Being stuck in the "in-between" has been something I have been thinking about for a while. As we move through life, we are placed along a path, either chosen for us or not, that we follow, and have a set sort of identity. But what happens when we are suddenly in a place were the path is not picked for us, or necessarily obvious to us? Do we adapt to the surroundings, to what everyone else is doing, or do we create a new path? And can we create a new path and maintain the identity from the path that we have just come from?
I have found that I am stuck in a little bit of a bind by this question. As we approach the newness of our lives, careers, education, and friends (or those who we, at first glance, believed to be our friends), and we shed the new, where does our identity actually stand? Watching the public lately as I move through the new events of my life, I have observed that perhaps we are just putting on a mask that hides neither a presence or an identity. The identity that we create is simply a reflection of what we are socially expected to do. My in-between has been this transformation into the life of a graduate student, accepting what has been and what I have come from, while taking on the terrifying task of answering the question "what's next?" This is currently the in-between that I find myself grappling with.

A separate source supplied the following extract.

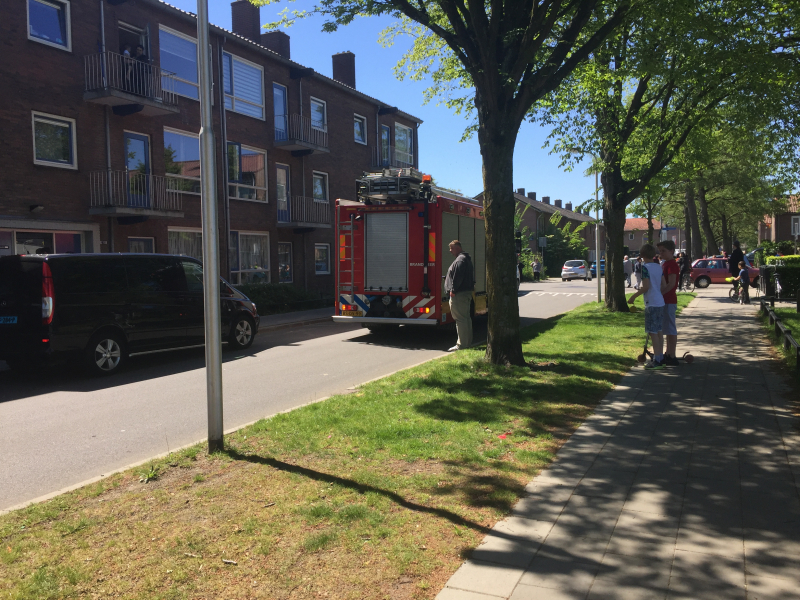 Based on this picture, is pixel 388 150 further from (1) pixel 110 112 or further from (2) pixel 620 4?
(2) pixel 620 4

When they face the predicament of not knowing what to do next or what comes next, literary characters are conveniently given a direction. If only life outside of the literary world were so easy. I am compelled to do many things. Characters of my own creation move forward as I direct them through life like a master puppeteer; all the while I wish, at times, that I had my own. Learning to navigate the new, the in-between, seems to be the biggest challenge of becoming my own adult, my own writer, my own puppeteer.
I have stepped out from behind a mask that does not hide anything, my presence or my identity, and I have stepped into a light which few seem to ever stand in. We are told as we grow up, "don't ever forget where you came from," and yet, as I move through life and develop a path of my own, I wonder what would happen if I simply, like dead skin, shed the past and where I came from? What would change? Would I live the life that I have now the same way that I do, or would forgetting my past change it all? If this theory is correct and the masks that we wear truly do not hide a presence or an identity, then we don't actually have a past, we simply have an illusion that we have constructed to be the truth and our past.